Importantly, the intent of the Fund's investment approach is to achieve strong investment performance as measured over the full market cycle (bull and bear markets combined), with smaller periodic losses than experienced by a buy-and-hold strategy in the major indices (primarily the S&P 500). We emphasize long-term, full-cycle returns and managed risk, with a very open lack of emphasis on tracking shorter-term market fluctuations. In richly valued markets – particularly when short-term price action is overbought and the broad consensus of sentiment is overly bullish – the Fund will tend to hedge against market fluctuations.
With regard to stock selection, the chart below presents the performance of the stocks (including small day-to-day money market balances) held in the Strategic Growth Fund, after fees, but excluding the impact of hedging transactions.
On a stock selection basis, the Fund's holdings have strongly outperformed the S&P 500 (as well as the Dow Industrials, Russell 2000, and Nasdaq) since its inception in 2000. On balance, this performance has been largely as intended, and in the context of long-term historical tests and experience, has been neither extraordinary nor disappointing overall.

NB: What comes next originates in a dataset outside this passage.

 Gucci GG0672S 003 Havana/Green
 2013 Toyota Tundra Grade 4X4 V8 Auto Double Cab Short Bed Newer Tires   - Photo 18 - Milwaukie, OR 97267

Clearly, I have no intention of readily abandoning the value-conscious stock selection approach that produced these results. What might be surprising is that the stock selection performance depicted above was my primary source of disappointment last year, and largely explains the tepid returns achieved by the Strategic Growth Fund in 2006.
To see this, the chart below presents the ratio of the performances depicted in the foregoing chart. A rising line indicates that the stocks held in the Strategic Growth Fund are outperforming the S&P 500. A falling line indicates that our stocks are lagging, at least temporarily.
Note that after hitting a fresh high in early May of 2006, the performance of our stocks – relative to the S&P 500 – trailed off modestly. During the final 8 months of the year, the stocks held by the Fund achieved a total return, after fees, of 5.18%, while the S&P 500 achieved a total return of 9.65%.
I've detailed the reasons for this gap in prior comments – essentially, we've observed an increasingly selective “garbage-stock” rally, where a declining number of individual stocks are outperforming the S&P 500, and those outperformers have increasingly featured poor financial quality (on the basis of S&P's quality ratings). These are generally not stocks that I view as appropriate investments, and over the long-term, for good reason.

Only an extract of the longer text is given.